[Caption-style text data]

......

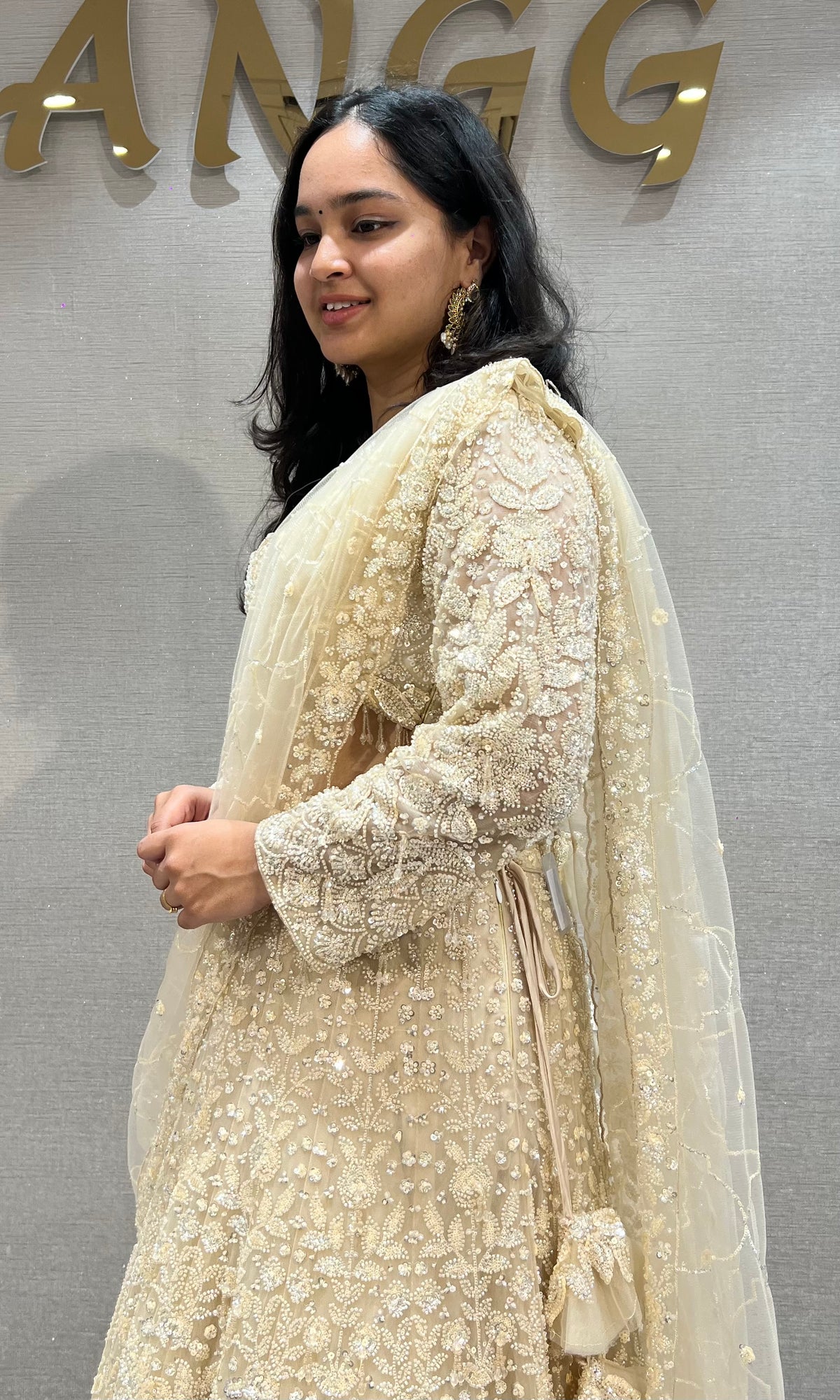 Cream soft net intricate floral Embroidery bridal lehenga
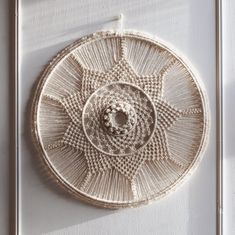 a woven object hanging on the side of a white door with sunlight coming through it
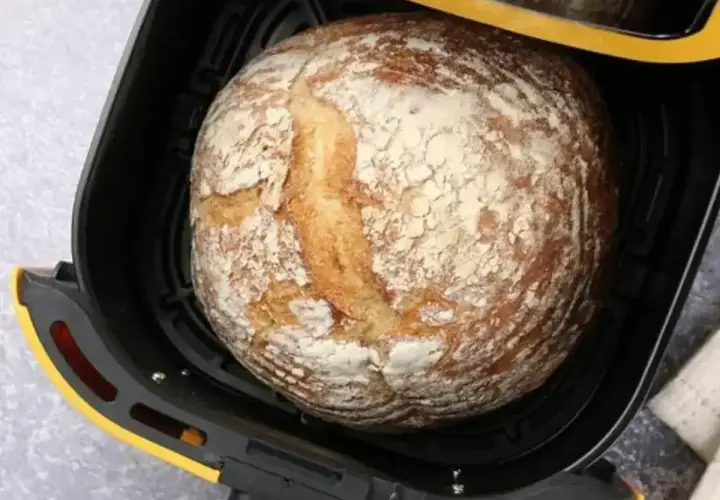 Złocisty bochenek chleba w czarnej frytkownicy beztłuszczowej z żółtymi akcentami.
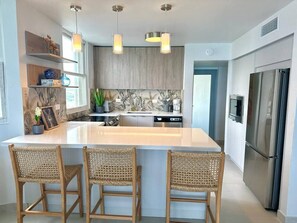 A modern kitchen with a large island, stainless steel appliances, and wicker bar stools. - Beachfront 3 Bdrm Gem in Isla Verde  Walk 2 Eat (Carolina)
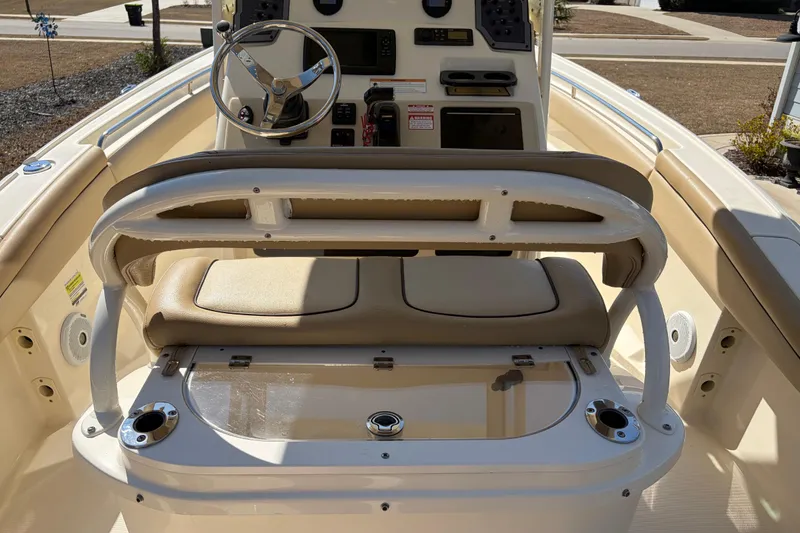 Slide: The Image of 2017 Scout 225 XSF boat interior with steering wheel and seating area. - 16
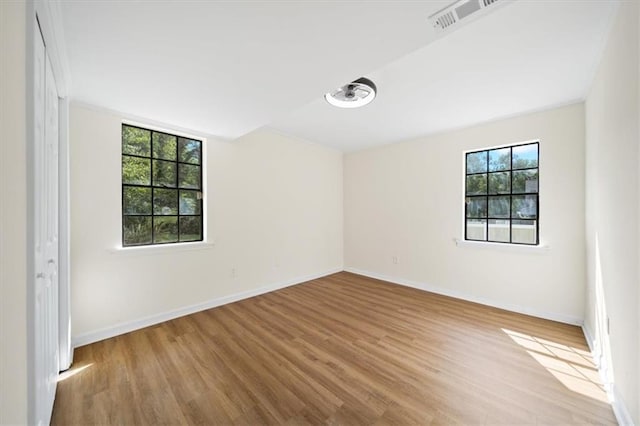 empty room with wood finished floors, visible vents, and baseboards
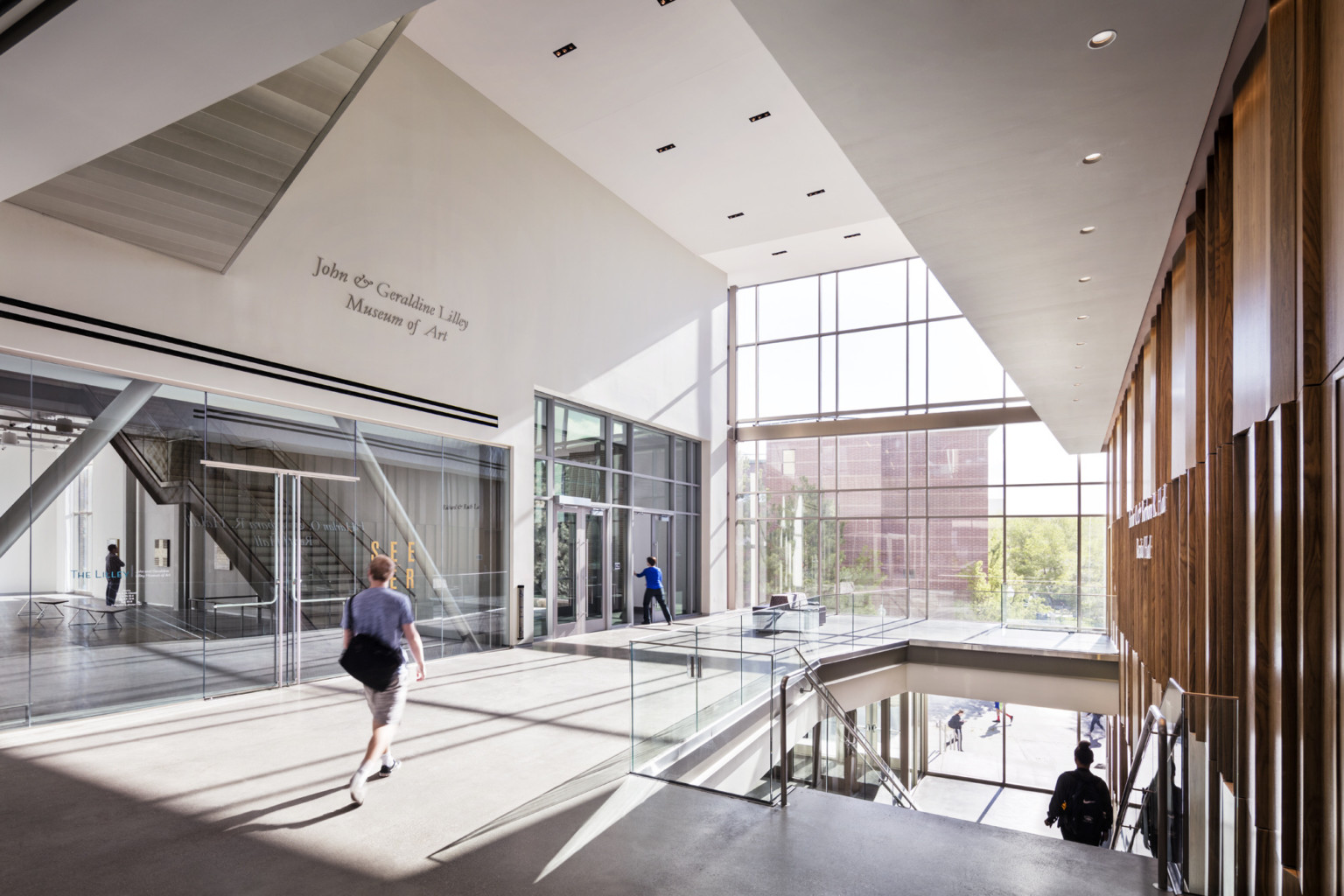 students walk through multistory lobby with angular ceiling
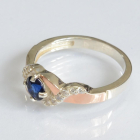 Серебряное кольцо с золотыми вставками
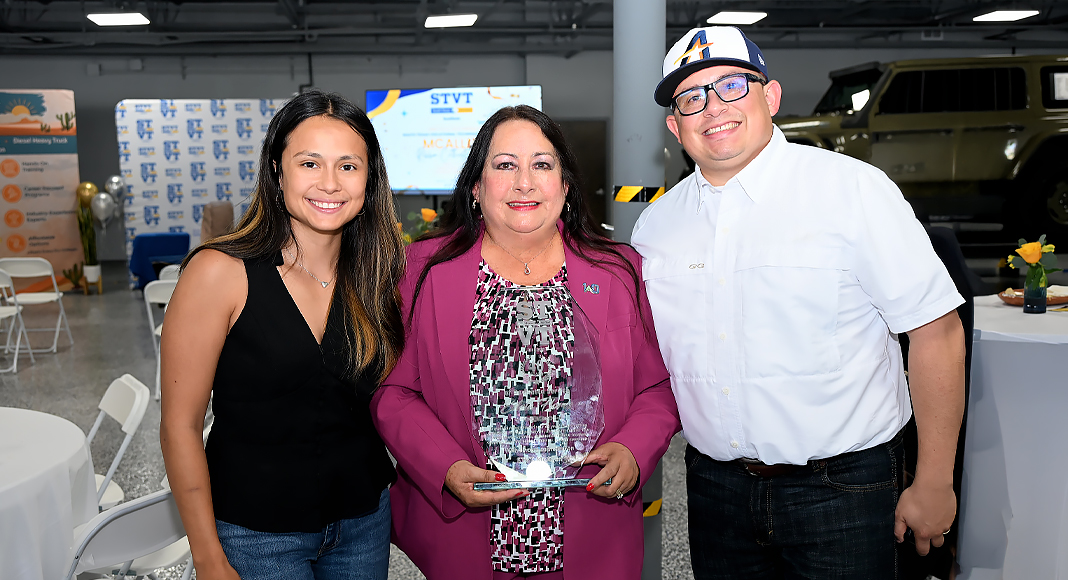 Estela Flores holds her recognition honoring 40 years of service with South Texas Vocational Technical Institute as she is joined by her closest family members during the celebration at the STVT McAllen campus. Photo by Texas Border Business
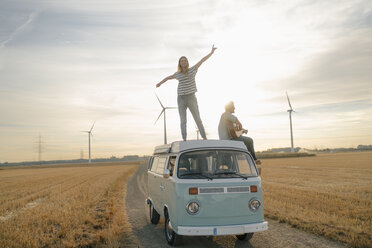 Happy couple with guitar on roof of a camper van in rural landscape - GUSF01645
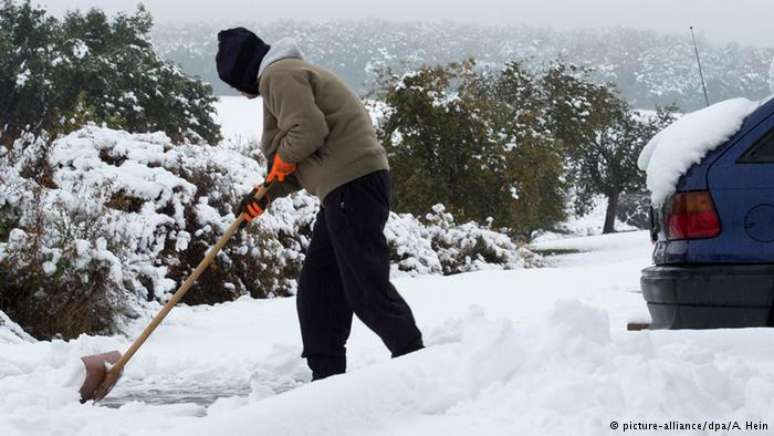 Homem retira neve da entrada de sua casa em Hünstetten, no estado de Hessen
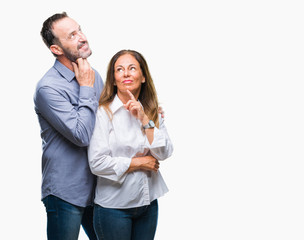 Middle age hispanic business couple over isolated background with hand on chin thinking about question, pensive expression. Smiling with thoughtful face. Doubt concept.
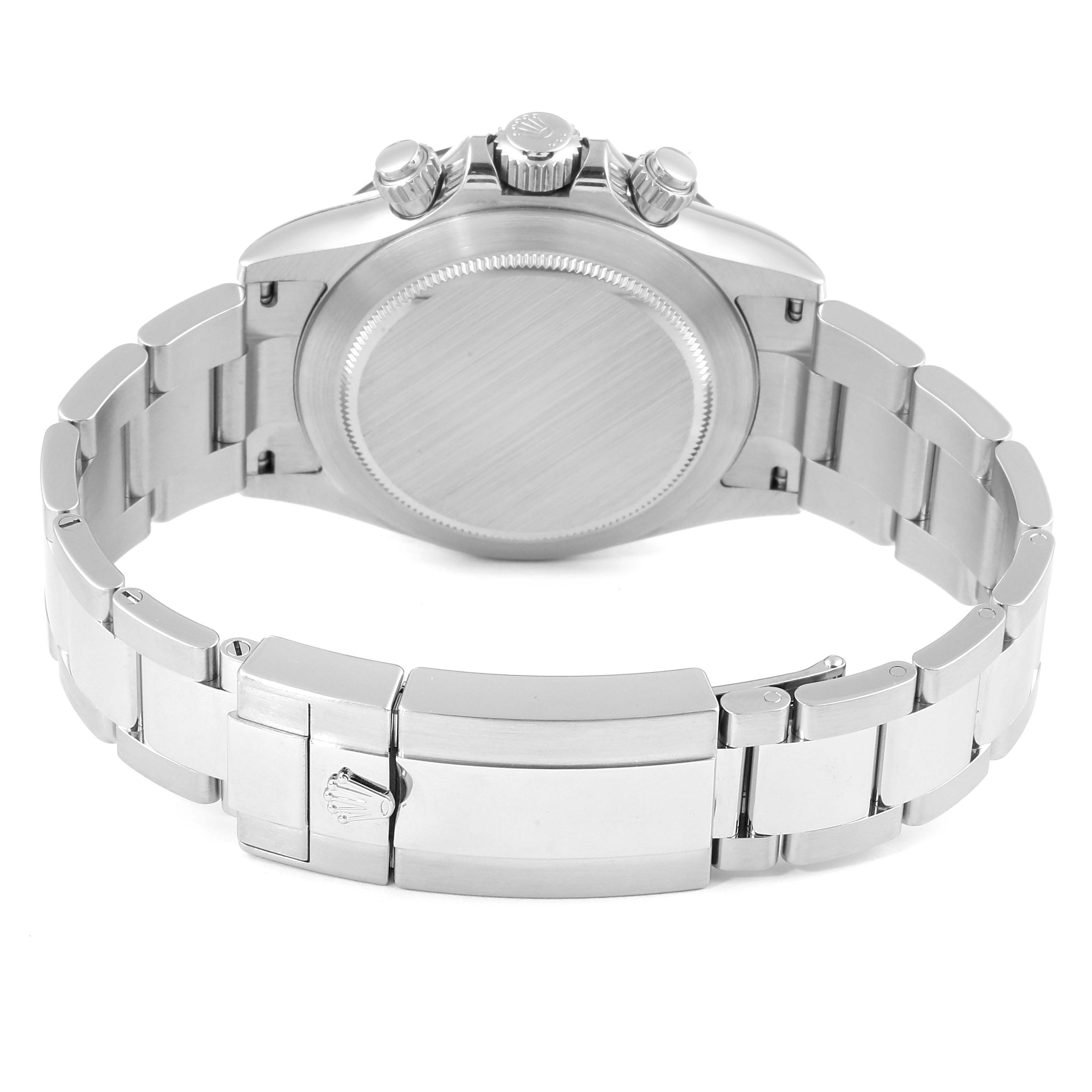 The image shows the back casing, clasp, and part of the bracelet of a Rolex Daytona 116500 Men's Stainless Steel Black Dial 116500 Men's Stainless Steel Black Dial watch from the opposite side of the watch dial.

......

__TASK BRIEF__.
Return the lines exactly, from the one containing "Middle age hispanic" through the last line above, including both ends and excluding every picture.

__RESPONSE AREA__.
 Middle age hispanic business couple over isolated background with hand on chin thinking about question, pensive expression. Smiling with thoughtful face. Doubt concept.
 The image shows the back casing, clasp, and part of the bracelet of a Rolex Daytona 116500 Men's Stainless Steel Black Dial 116500 Men's Stainless Steel Black Dial watch from the opposite side of the watch dial.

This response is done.